2)  Next up are so-called linearly implicit methods (i.e., they do not require newton iteration).  These have essentially zero start-up cost, but require an accurate Jacobian to maintain accuracy / order.  This means you should either use auto-differentiation or an analytical Jacobian e.g., pyJac (https://github.com/SLACKHA/pyJac)

Best,

Nick

[Solal Amouyal]

Kyle, Nick,

Thank you for the replies.

I was aware of the different methods mentioned, but not familiar with them, which is why I favored the use of a "black-box" solver which could take care of the specifics for me (choice of methods or preconditioning/Jacobian etc...).

However I was not aware of your package pyJac which I think will prove very useful! I am working on a high-order LES solver so the third option looks the most adequate for my use. I will look in the literature for a specific scheme but if you know of one which you works well for hydrocarbon combustion, I will be happy to hear it. 

Sincerely,

Solal 

[Nick Curtis]

Hi Solal,

The best scheme to use depends on your case, i.e., the stiffness of the mechanism / timestep of your solver, and unfortunately a lot of them don't have "standard" implementations outside of the Harrier and Wanner fortran codes.

If you are using OpenFOAM by chance, there are a bunch of Rosenbrock type solvers already implemented (orders 2-4, as well as some similar Rodas type solvers and SIBS / Seulex). Boost's ODEInt library has a 4th order rosenbrock solver implementation as well.

Best,

Nick

[Nick Curtis]

Also, we've developed an exponential rosenbrock-type integrators (w/ krylov subspace approximation) that might be useful for this kind of time-step.

See this paper for algorithm details, and here for the implementation study (note: we were particularly looking at GPU-based integrators w/ somewhat larger time-steps O(1e-6)).

These solvers can use pyJac by default.

We are planning on incorporating rosenbrock type solvers for our new release (i.e., once I get it linked up to our new version of pyjac)

Nick

[Solal Amouyal]

Hi Nick,

I am familiar with your (and Kyle's) work but I admit that I had the false impression the open-source software you were developing were solely dedicated to GPU computing. 

The installation of the accelerInt solver failed so I focused on Boost's solvers.

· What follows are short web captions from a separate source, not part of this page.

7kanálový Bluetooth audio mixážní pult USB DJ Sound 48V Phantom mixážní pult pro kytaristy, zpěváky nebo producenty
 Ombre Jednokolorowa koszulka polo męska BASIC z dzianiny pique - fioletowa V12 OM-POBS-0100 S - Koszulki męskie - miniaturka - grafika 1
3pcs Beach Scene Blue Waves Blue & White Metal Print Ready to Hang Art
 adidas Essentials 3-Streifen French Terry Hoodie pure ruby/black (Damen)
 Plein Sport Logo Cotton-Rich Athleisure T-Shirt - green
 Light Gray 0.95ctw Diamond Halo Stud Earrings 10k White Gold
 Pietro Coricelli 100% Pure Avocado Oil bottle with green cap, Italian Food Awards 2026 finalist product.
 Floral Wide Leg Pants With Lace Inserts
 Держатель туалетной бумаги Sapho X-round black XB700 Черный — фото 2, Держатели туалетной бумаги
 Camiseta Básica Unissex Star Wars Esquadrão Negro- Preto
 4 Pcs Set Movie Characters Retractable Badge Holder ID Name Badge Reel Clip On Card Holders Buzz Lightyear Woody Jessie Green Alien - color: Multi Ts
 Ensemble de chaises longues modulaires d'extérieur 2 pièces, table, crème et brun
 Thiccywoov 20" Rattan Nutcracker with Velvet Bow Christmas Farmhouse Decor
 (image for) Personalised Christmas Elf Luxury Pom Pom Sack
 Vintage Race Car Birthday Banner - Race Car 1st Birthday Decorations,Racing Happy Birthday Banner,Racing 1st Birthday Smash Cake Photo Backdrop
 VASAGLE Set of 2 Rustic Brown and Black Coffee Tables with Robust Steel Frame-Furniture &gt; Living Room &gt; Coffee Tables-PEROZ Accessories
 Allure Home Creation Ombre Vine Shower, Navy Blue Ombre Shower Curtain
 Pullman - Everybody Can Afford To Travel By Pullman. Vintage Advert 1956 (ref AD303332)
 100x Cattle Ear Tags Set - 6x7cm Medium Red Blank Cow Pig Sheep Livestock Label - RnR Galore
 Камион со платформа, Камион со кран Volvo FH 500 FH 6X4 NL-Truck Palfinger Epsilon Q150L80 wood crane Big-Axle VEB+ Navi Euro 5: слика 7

I wrote an example C++ script which integrates a H2-O2 mixture with Boost's ODEint library and the scripts generated by pyjac. I was able to get good results with an implicit RK method but the Rosenbrock integrator gets stuck or takes too long even with low tolerances. Compared with a Euler integration (my own), the RK scheme is still substantially slower; the mechanism used (9 species, 28 reactions) is probably too small to see the benefits of implicit methods. 

My main objective is to run my CFD code with DME combustion, which entails more complex mechanisms (39 species, 175 reactions). I will try to see if I get more acceleration which that mechanism.

I have attached my code if someone is also interested with this kind of work. Just change the cantera installation directory in the source/Makefile.

Sincerely, 

Solal

[Nick Curtis]

Hi Solal,

It's worth noting that one of the other users in our group reported similar problems to yours a few weeks ago -- slow integration / getting stuck w/ the linearly implicit methods, but not the implicit RK -- the solution in that case was to simply transpose the Jacobian, at which point the slowdown for (in that case) the exponential integrators.

There was an error in the pyJac documentation regarding the ordering of elements in the Jacobian (though, the website has since been updated), I have a a few pull requests regarding this I need to finish up.

The accelerInt documentation is also woefully incomplete (again, I've been meaning to fix this up but time is always an issue!), but if you post your error message (or open an issue on GH) I'd be happy to take a look.

I'll try to take a look at your case in the next few days, but I suspect it's a similar issue.

Best, 

Nick

[Nick Curtis]

Solal,

I decided to take a quick look at your code, the problem I noticed is that your Jacobian is sized (Nsp + 1)x(Nsp + 1), however the Jacobian in pyJac specifically excludes the last species (as all those derivatives are identically zero), and should be sized (Nsp)x(Nsp).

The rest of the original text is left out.